JUDY WOODRUFF: Now: how two men hear and are driven by the echoes of their time in Vietnam, one a Marine combat veteran, the other a conscientious objector who went to help the people of that country.
They are bound together now, working to help a new generation terribly affected by a war that ended before they were born.
Special correspondent Mike Cerre reports.
MIKE CERRE, Special Correspondent: At the height of the Vietnam War in 1968…
ANNOUNCER: Before the parade, mass draft card burning was urged.
MIKE CERRE: … and the protests against it that divided the country, two young Americans made very different decisions that would make Vietnam parts of their lives for the next 50 years.
LARRY VETTER, Vietnam Veteran: After I graduated from Texas A&M, I went to the Marine Corps basic school.
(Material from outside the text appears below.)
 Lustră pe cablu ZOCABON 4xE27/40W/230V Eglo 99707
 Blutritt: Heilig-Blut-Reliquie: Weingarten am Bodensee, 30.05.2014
And then, when I got out of that, in a few months later, we were off to Vietnam.
DICK HUGHES, Conscientious Objector: I was just wrapping up my acting studies at Boston University, and, at that time I was pretty concerned about the war, upset by the war.
So, I decided to do two things, that I would go down and take my physical in for the draft, but I would refuse induction.
MIKE CERRE: Larry Vetter, the volunteer, ended up serving two tours of duty in Vietnam as a Marine infantry and recon officer, much of the time on the front lines.